Schema drift
Schema Drift occurs when your data source changes its metadata. On the fly, fields, columns, and types can be added, removed, or changed. If you don't account for schema drift, your data flow becomes vulnerable to changes in the upstream data source.
Data Loader pipelines can easily adapt to these schema changes and propagate them to the destination, without assistance from IT or the need to code. These "self-healing" pipelines not only save time, they significantly reduce the number of job failures and delays due to schema drift. Users can ensure that data continues to flow, uninterrupted, from source to target.
CDC Pipelines
In a CDC pipeline, any columns that are added or removed when the data changes will be visible. Changes are driven by data rather than by DDL. As a result, any changes you make to the schema of the source tables will not be reflected until the data changes. This encompasses new (empty) tables and new (empty) columns.

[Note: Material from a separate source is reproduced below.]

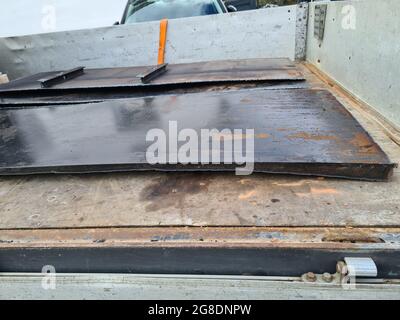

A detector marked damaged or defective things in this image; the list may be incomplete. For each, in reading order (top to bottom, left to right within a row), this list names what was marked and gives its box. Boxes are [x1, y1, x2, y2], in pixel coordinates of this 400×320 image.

rusty metal plate [0, 58, 304, 94]
rusty metal plate [0, 88, 394, 180]
rust stain [348, 132, 380, 155]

Matillion ETL shared jobs are available that handle schema drift, which will accommodate the conditions below. The agent loads data to your chosen cloud storage area which is then transformed to accommodate these conditions. If you intend to transform the data from your chosen cloud storage area yourself, the below are useful points to consider.

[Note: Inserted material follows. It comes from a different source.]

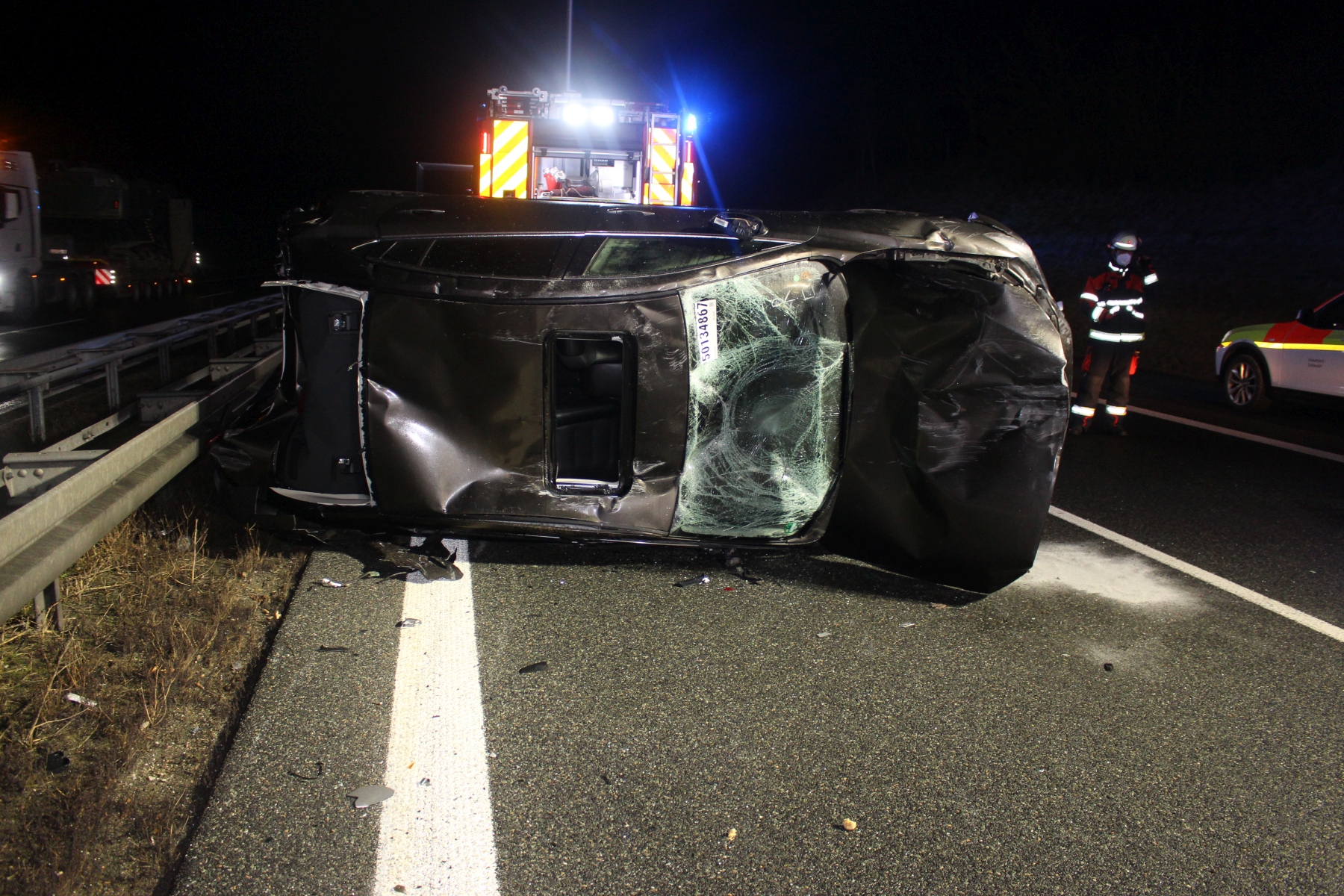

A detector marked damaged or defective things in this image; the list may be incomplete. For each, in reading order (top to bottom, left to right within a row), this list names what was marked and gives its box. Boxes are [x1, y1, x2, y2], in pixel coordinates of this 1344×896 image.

- Adding a Table: You must create a new pipeline to add a new table. The ability to edit a pipeline will be considered in a future release.
- Delete a Table: If a table is deleted/dropped in your source, it is not removed from the destination platform and will be retained for historical purposes. You can manually drop this table if needed.
- Adding a Column: The pipeline will pick up any new columns added to selected tables if the new column contains data.
- Deleting a Column: If a column is dropped from the source table, it will remain in your target table. However, it will not be loaded - historical data will be retained and from the point of deletion, the values for this column will be inserted as NULL.
- Data Type change: See below Data Type changes section for more detail when using a Matillion ETL Shared job to use CDC data from your storage to update a data warehouse.
Data Type Changes
Data Type changes are accommodated, but if these are not compatible changes for the target cloud platform, the current column will be renamed as column_name
, _datetime , and the column re-purposed as the new datatype. The format of the datetime extension is mmddhhmmss
, for example, 20210113110334
and will be the same for all columns in the same table in the same Pipeline execution. The new column will be NULL up to the date of change - this should be considered for downstream dependencies such as views, reports, etc.